[SOURCE MATERIAL]
===
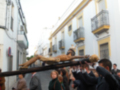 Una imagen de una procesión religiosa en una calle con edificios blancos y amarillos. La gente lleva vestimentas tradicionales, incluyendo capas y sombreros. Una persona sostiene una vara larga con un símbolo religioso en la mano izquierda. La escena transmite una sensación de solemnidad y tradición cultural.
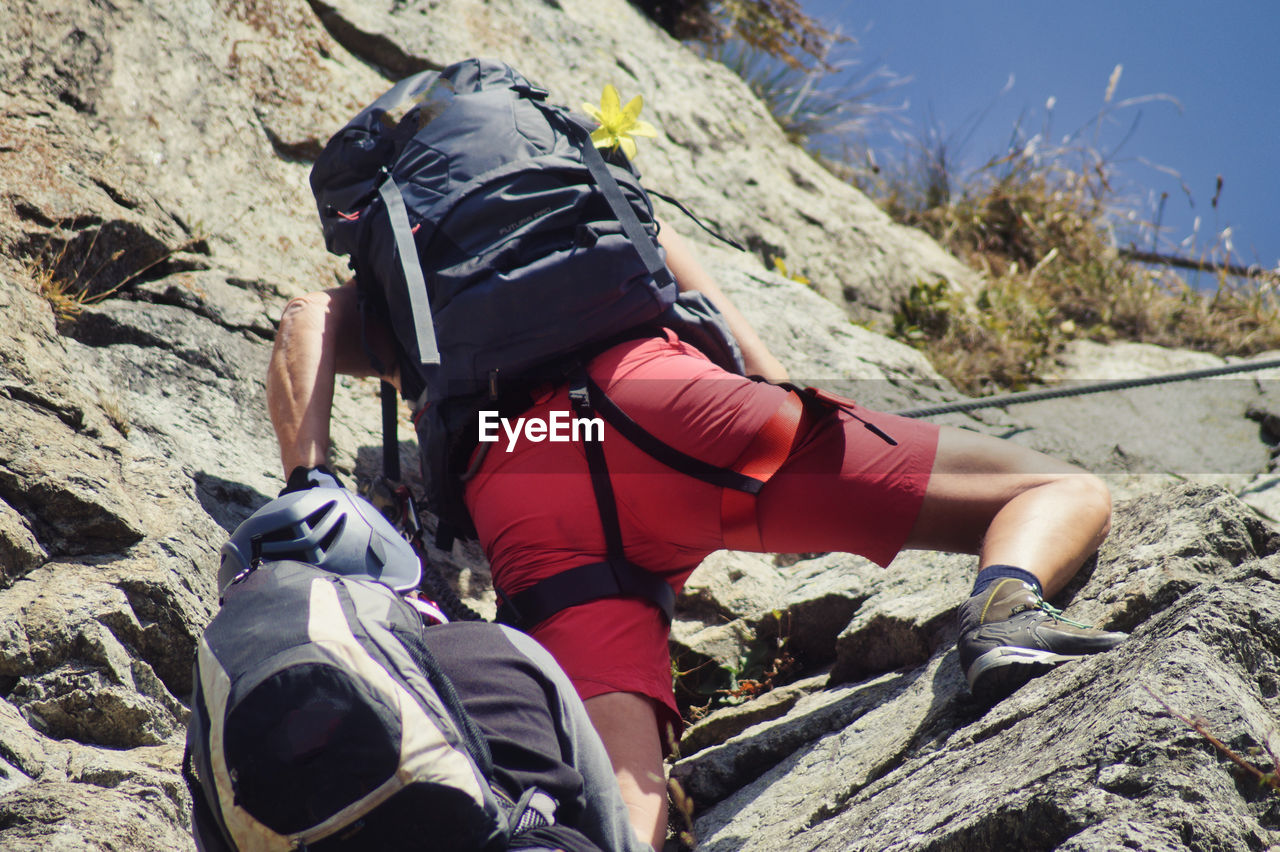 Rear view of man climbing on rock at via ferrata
===
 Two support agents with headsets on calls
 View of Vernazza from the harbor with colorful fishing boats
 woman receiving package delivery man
===
[PROBLEM DETAILS]
Retype the entries above exactly, but only from the line containing "Two support agents with headsets on calls" through the line containing "woman receiving package delivery man", both included.

[RESULT]
 Two support agents with headsets on calls
 View of Vernazza from the harbor with colorful fishing boats
 woman receiving package delivery man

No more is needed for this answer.